Tomb Raider protagonist Lara Croft might be one of the most iconic characters in video game history, but her two previous cinematic adaptations received a rather tepid response from fans and critics. Since there doesn't seem to be anything Hollywood enjoys more than hitting the reset button on major franchises, it came as no surprise when it was announced earlier this year that GK Films had acquired the rights to reboot Tomb Raider.
Prior to the involvement of producers Graham King (Rango, The Town) and Tim Headington (The Tourist), the Tomb Raider reboot bounced in and out of development for several years under the guidance of Terminator Salvation producer Dan Lin. Despite the fact that he's no longer involved with the project, Lin's decision to take a more grounded and character-driven approach to the material seems to have endured.

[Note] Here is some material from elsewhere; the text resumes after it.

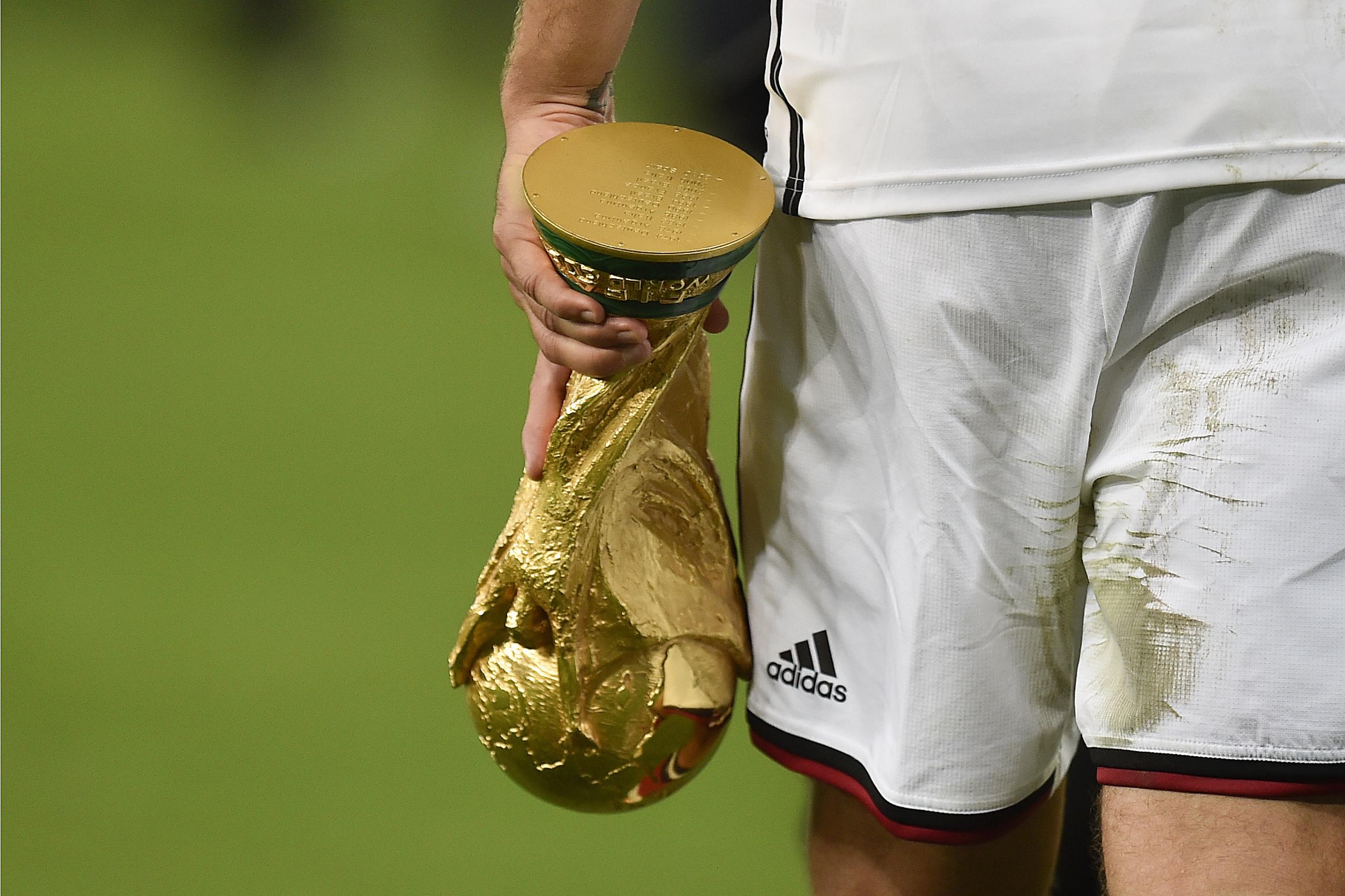El delantero alemán Lukas Podolski se retira de la cancha con el trofeo de la Copa Mundial tras vencer a Argentina en la final, el 13 de julio de 2014, en Río de Janeiro.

The Tomb Raider reboot has been targeted for a 2013 release and although there's no director attached yet, The Hollywood Reporter has revealed that Mark Fergus & Hawk Ostby have been hired to write the script. The pair previously penned the first Iron Man and most recently worked on this summer's upcoming sci-fi/western mashup, Cowboys & Aliens. They also received an Academy Award nomination for their Children of Men screenplay.
The new Tomb Raider will be an origin story centered around a younger Lara Croft, and the writers are hoping that their incarnation of the character "solidifies her place alongside Ellen Ripley and Sarah Connor in the pantheon of great female action heroes."
The earlier Tomb Raider films may have been underwhelming overall, but Angelina Jolie was a pretty inspired choice for the lead role. There's no doubt that her performance will cast a fairly large shadow for her successor, and other than Olivia Wilde, none of the actresses who have been linked to the project have inspired much confidence. Speaking of which - given the current state of her career, I wonder if Megan Fox is still so vehemently opposed to starring in the film now?
As for the proposed origin story, the upcoming video game reboot has certainly showcased the potential for a more realistic take on Lara and the Tomb Raider mythology. It may be too bold a departure for some fans, but dialing back on a few of the more over the top elements could go a long way in revitalizing both the video game and film franchises.
The developers of the new Tomb Raider game have acknowledged how important it was for them to take risks when it came to the conventions of the series - and the filmmakers behind Lara's big screen reboot would probably be well-served by utilizing a similar strategy. Of course, a lot of that will depend on who's selected to direct the film and which actress they cast as the new Lara Croft.
In the meantime, we'll keep you updated on the development of the Tomb Raider reboot.